By 23 mars 2022No Comments

Patrice Latronche, maire-adjoint à la culture de Champigny-sur-Marne

Ville de banlieue parisienne de 78 000 habitants, Champigny-sur-Marne est une commune jeune, d’une grande mixité sociale et aussi un territoire marqué par l’Histoire, celle des batailles de la Guerre de 1870. La nouvelle équipe municipale, dans laquelle le comédien et metteur en scène Patrice Latronche est maire-adjoint en charge de la culture, entend redynamiser la vie culturelle en s’appuyant sur un tissu associatif fort, en favorisant notamment le dialogue et le partage des cultures entre la soixantaine de nationalités représentées sur son territoire.

Le mandat à la culture est-il un choix ?

Je suis comédien et metteur en scène depuis 35 ans. Le mandat à la culture est donc un choix de ma part.

Comment conciliez-vous cette situation d’être à la fois dedans et dehors de la culture ?

Au-delà de ses goûts personnels, il faut être capable de reconnaître quand il y a un vrai travail, qu’il soit amateur ou professionnel. En revanche, la connaissance du métier me donne plus de facilité pour échanger, pour comprendre les artistes. Nous sommes l’une des rares Villes qui s’engage en cas d’annulation Covid (et non de report) à verser 20% des montants des contrats de cessions, une mesure de solidarité qui découle d’une compréhension partagée.

Est-ce difficile de défendre le budget culture ?

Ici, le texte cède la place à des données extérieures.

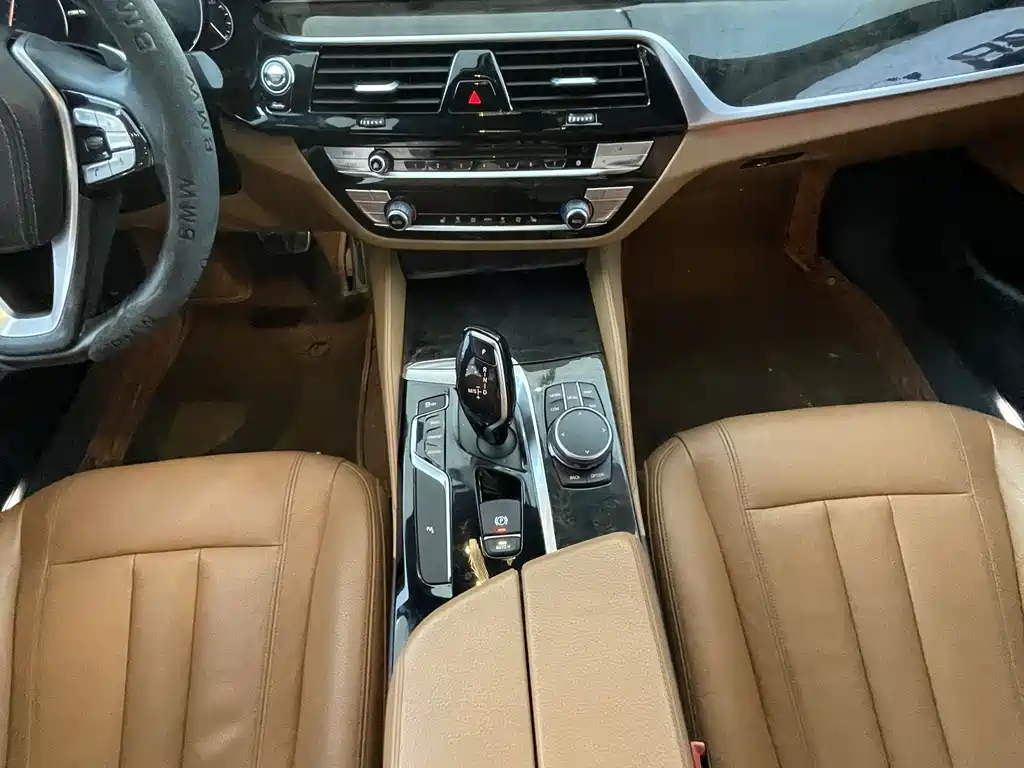 BMW BMW 5 Series 2018 Model Year Facelift 530Li Leading M Sport Package 2018 - thumbnail 12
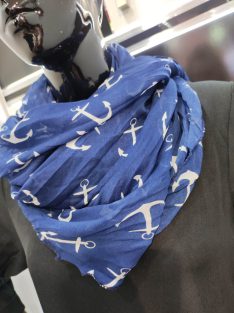 Sötétkék Horgonyos Sál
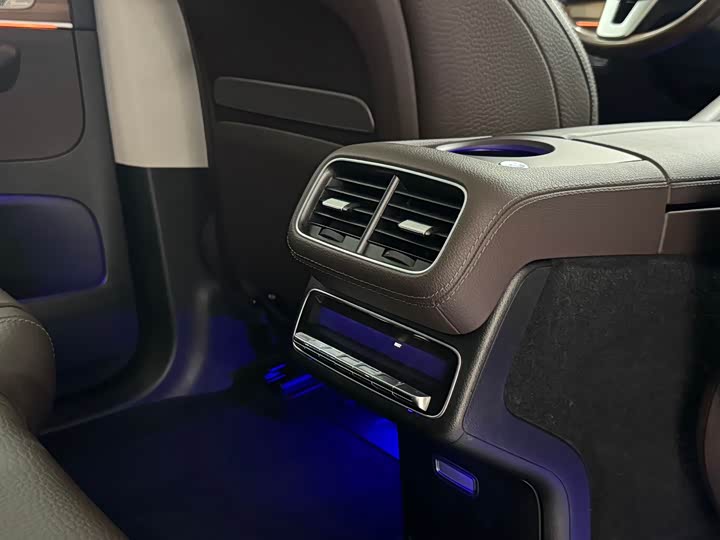 Mercedes-Benz GLS 2023 GLS 450 4 MATIC Luxury — фото 18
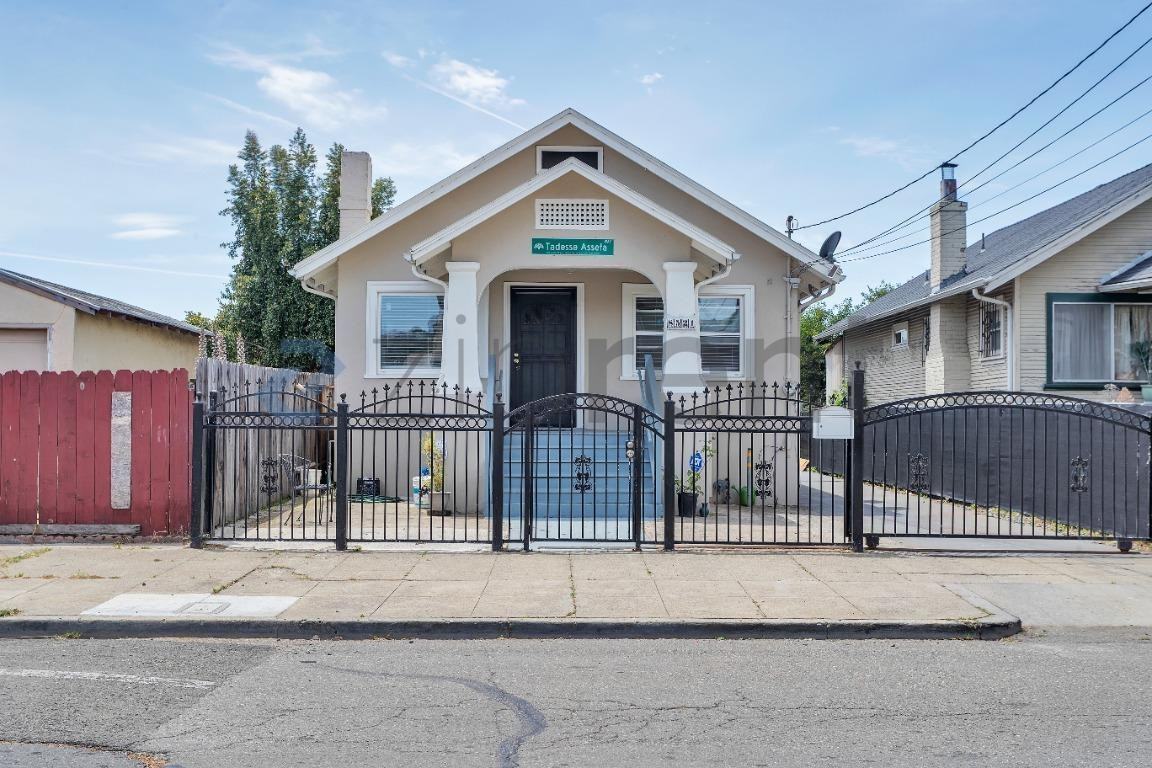 8521 Dowling St - Photo 2 of 18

Actuellement c’est difficile pour tous les secteurs, mais je suis pleinement soutenu. Tous les services tirent dans la même direction. Il faut revenir sur l’histoire particulière de Champigny – une ville qui a subi un amoindrissement progressif du soutien à la culture. On arrive peu à peu, avec une équipe rassemblant des personnes de tous horizons politiques ou associatifs mue par une volonté de faire bouger les choses, à redresser la situation.

Comment décririez-vous votre territoire ?

Ville très ancienne, c’est la guerre de 1870 qui lui a donné une « notoriété », car elle a été le théâtre des plus grands combats, d’où son nom alors de Champigny-la-Bataille. Une guerre dont on a commémoré cette année les 150 ans, avec une exposition en réalité augmentée, une application et la publication d’un livret sur cet anniversaire. A cette occasion, nous avons renoué les liens du jumelage avec Bernau en Allemagne dont la chorale est venue chanter avec celle de Champigny et l’orchestre de la Ville. Donc une ville où, avec Bry-sur-Marne et Villiers-sur-Marne, l’histoire a une grande importance.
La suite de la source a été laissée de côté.